Mt. Shuksan: Hanging Glacier Headwall
Allen and I arrived in the Mt. Baker parking lot at 9am on Sunday and realized immediately that the weather forecasters had completely blown the call. There wasn’t a cloud in the sky, or a breath of wind. We were originally planning to stick close to the resort, so it was lucky that we’d packed some technical gear and enough food for a full day anyway (optimism is a hard habit to kick). We were extremely late out of the gate, but we suited up and raced up the valley to Shuksan in the hopes of getting on one of the bigger lines.

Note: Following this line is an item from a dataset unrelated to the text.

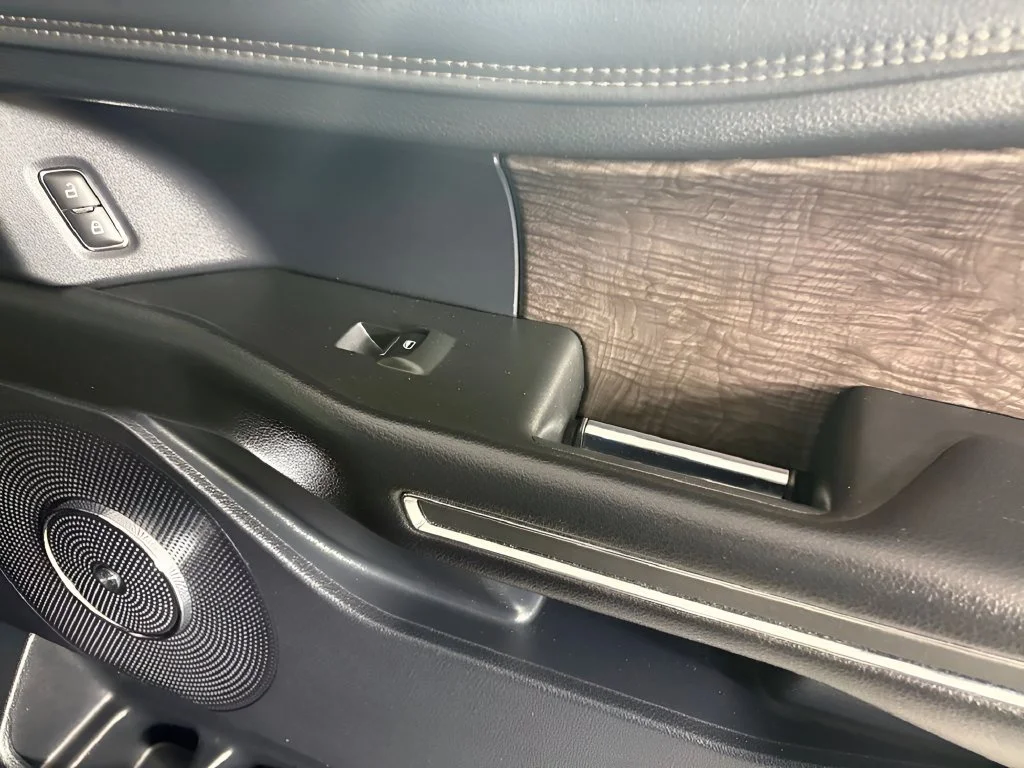 Used 2020 Black Ford Limited image 11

We hadn’t figured out exactly what yet, we just wanted to be up high while the sun was still out.
About half way up the White Salmon, we decided that one of the lines we wanted to ski (The line Dan did end up skiing) was too ambitious for our late start and level of energy, so we re-focused on our other option, the Hanging Glacer, with the possible addition of the Hanging Glacier Headwall as the entrance (assuming we could find it from the top).
To familiarize yourself with what I’m talking about, check out Lowell Skoogs excellent Northwest Ski-History website Alpenglow.org.

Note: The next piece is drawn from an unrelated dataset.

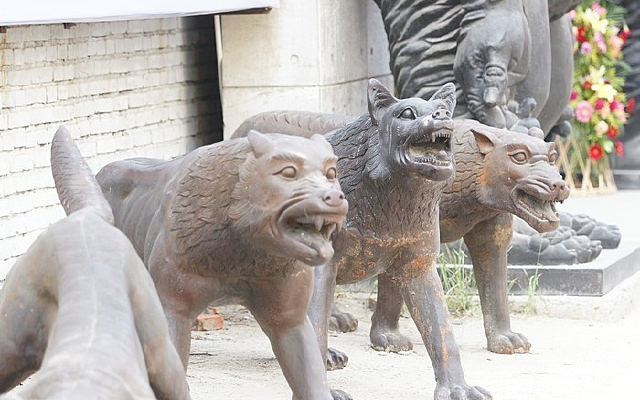 ��ŭ����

We plodded up the White Salmon, making slow but steady progress, and saw a solo snowboarder making his (her?) way up the White Salmon Headwall chute as we climbed. Nearing the top of the White Salmon, I started running out of gas. All the joints in my lower body were sore from a running race the weekend before, and my Gu-based breakfast and lunch wasn’t sitting well in my stomach. No-matter, we were nearing at the top of the line and I wasn’t slowing Allen down too much; with the daylight available at this time of year, you can be late and still be on time.
I stopped for a “my knees hurt and a feel like I want to vomit” photo break. Allen was getting bored, so he went ahead.
This was screaming “wall ride” the whole time we hiked past it.
Almost there. The flat approach makes the severe angle of the face all the more jarring.